Multimedia doesn't do anything for me. Since we moved into our new house in 1993, I haven't gotten around to hooking up the TV. There's always been something more interesting to do--for example, fiddling with my computer or working on multicast over the Internet.
Multicast and multimedia are closely related. To understand why multicast is important (and what it is), remember that multimedia of all kinds means lots and lots of bits, like the 12MB preview of the last Star Trek movie. Multimedia usually means moving the bits from one place to another on the Internet.
On the Air
There are two problems involved in moving enough data around to allow thousands of people to see Star Trek captains Kirk and Picard in multimedia motion. First, even though the backbone of the Internet is composed of very high-speed links, it's wasteful to send the same data repeatedly on the same expensive shared resource. Why keep moving the same preview from Los Angeles to New York, on the same lines, over and over again? When the lines are between North America and Europe, the problem is more acute because bandwidth is expensive.

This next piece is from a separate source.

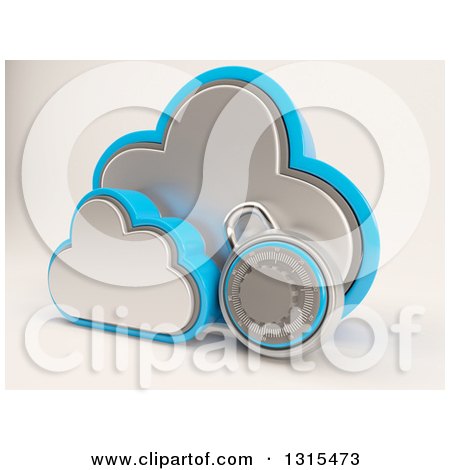 Clipart of a 3d Cloud Drive and Combination Lock Icon, on Shaded White - Royalty Free Illustration by KJ Pargeter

It would be a better use of scarce resources to avoid sending the same data over the backbone more than once.
The second problem is more subtle. The access line between the provider of the data and the Internet itself becomes a major bottleneck when many users are retrieving data at the same time. For example, if a data provider had a 56-Kbps access line and a dozen people tried to retrieve a file at the same time, each user would obtain throughput not much better than that found using a 2,400-bps modem.
Multicasting is a network technology that must be mastered to solve the dual problems of wasted bandwidth and slow access lines. You probably know the term broadcasting. In the world of networks, broadcasting means sending a message, addressed to no one in particular, to every station on the network. The opposite of broadcasting is unicasting, in which a message is addressed to a single user. Multicasting is halfway between the two. A multicast message is sent to some subset of the stations on the network, called the multicast group.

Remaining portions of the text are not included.